It's far more nuanced than that.

If you do the work but undervalue it, it's likely tax fraud.

If you do the work but overvalue it, it's likely investor fraud.

Even if you fairly value the work it still might be investor fraud. The vendor may have been chosen not by merit, but by its willingness to accept an exchange of services. Saying you have $X in revenue implies you won that revenue by merit.

6 comments

This isn't a good take.

> If you do the work but undervalue it, it's likely tax fraud.

A company can value it's services as it chooses. If the work is performed for $1 or $5000 the government doesn't get a say in that.

> you do the work but overvalue it, it's likely investor fraud.

Quite possibly. Assuming this was done with the intention of misrepresenting your revenue and gaining investment.

>The vendor may have been chosen not by merit, but by its willingness to accept an exchange of services. Saying you have $X in revenue implies you won that revenue by merit.

Vendors are chosen all the time because of their willingness to accept specific payment terms and a whole bunch of non-merit pipelines via family, via golf course deals etc.

> A company can value it's services as it chooses. If the work is performed for $1 or $5000 the government doesn't get a say in that.

That's simply not true. You may get a certain amount of leeway, but it has to be reasonable.

> That's simply not true.
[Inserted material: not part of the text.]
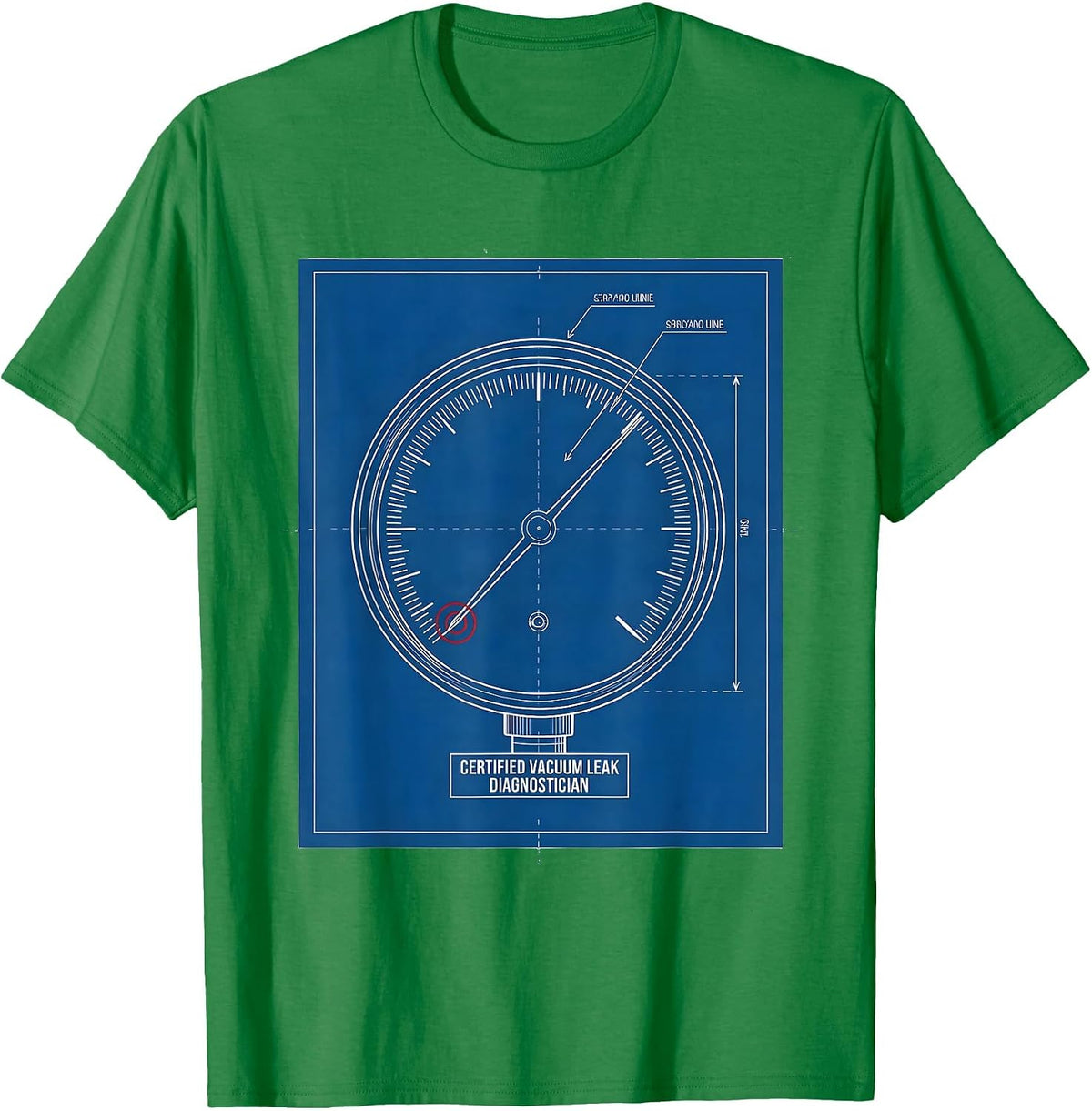 Men's Certified Vacuum Leak Diagnostician Funny Mechanic Auto T-Shirt - Kelly Green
You may get a certain amount of leeway, but it has to be reasonable.

Where have you seen this?

When I was doing consulting I could charge whatever rate I wanted. Usually around $200 but went up to $500 and down to $25 when doing a favor. Same type of work.

At the enterprise level this is even more common. Nothing has a fixed price and the same service can be sold at wildly different prices to different customers based on endless variables.

> I could charge whatever rate I wanted.

Sure, if you're charging cash. If you charge $25 and that's all you get, it's worth $25 by definition; being bad at business is allowed.

But if you're charging $25 and you're getting $25 and a favor, that work you're doing is actually worth more than $25 and the IRS expects you to declare the value of that favor as income. If you normally charge $500 but sometimes you charge $25 the IRS might look deeper to see what else you're getting in compensation.

You're highly likely to get away without declaring that favor, and there are certainly legal ways to avoid it too -- gifts, training/education, et cetera, but at it's base level it's income.

No, it doesn't have to be "reasonable". Its only illegal if it is used to cover up some other illegal thing.

For example giving huge discounts below cost only to family members, which is more or less like paying them money without paying taxes for it.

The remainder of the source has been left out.